[Workload]: disk-snapshot

### Workload Name

disk-snapshot

### Workload Description

A variant of the existing `disk` workload that runs fio against a data disk while a sidecar script periodically triggers CSI VolumeSnapshots, validating I/O consistency and data integrity during snapshot operations. Produces the same sustained mixed I/O signals as the `disk` workload (IOPS, throughput, latency) plus snapshot-specific signals: snapshot creation latency, snapshot size, and — critically — whether the snapshot captures a crash-consistent or application-consistent state while I/O is actively in flight.

This is the scenario every storage partner dreads and every storage partner must prove works: "What happens when you snapshot a disk that is actively being written to?" The existing `disk` workload generates fio I/O, and a partner can manually trigger snapshots during a run, but there's no automated, reproducible way to validate snapshot-under-load behavior. This workload makes that test continuous and auditable.
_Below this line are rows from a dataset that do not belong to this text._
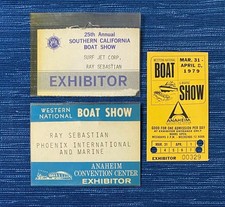 Vtg boat show for sale  Bakersfield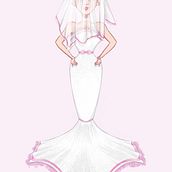 My project in Digital Illustration with Procreate course. Digital Drawing, Digital Illustration, Drawing, and Traditional illustration project by Valeria Zelaya - 07.27.2020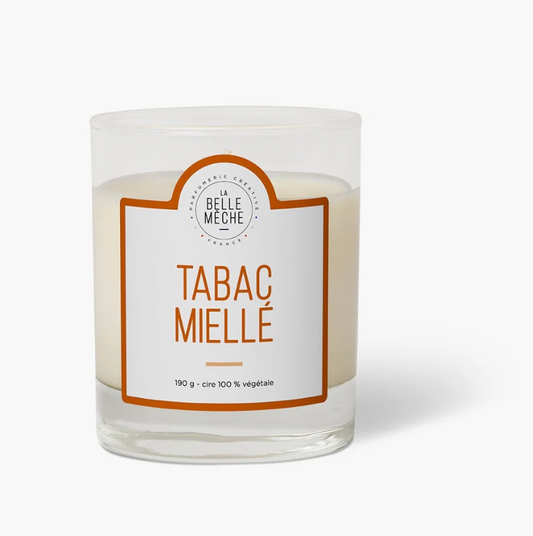 Vela perfumada - Tabaco con miel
The sidecar script runs inside the VM (not as a Kubernetes controller) and uses `kubectl` or `virtctl` to create VolumeSnapshot CRs against the VM's data disk PVC at configurable intervals. After each snapshot, it optionally verifies the snapshot by restoring it to a temporary PVC and running a filesystem check.

### Tooling and Packages

**I/O workload (identical to existing `disk` workload):**
- Tool: `fio` with mixed random/sequential profiles
- RPM packages: `fio`
- systemd service: `virtwork-disk.service` (reused from existing `disk` workload)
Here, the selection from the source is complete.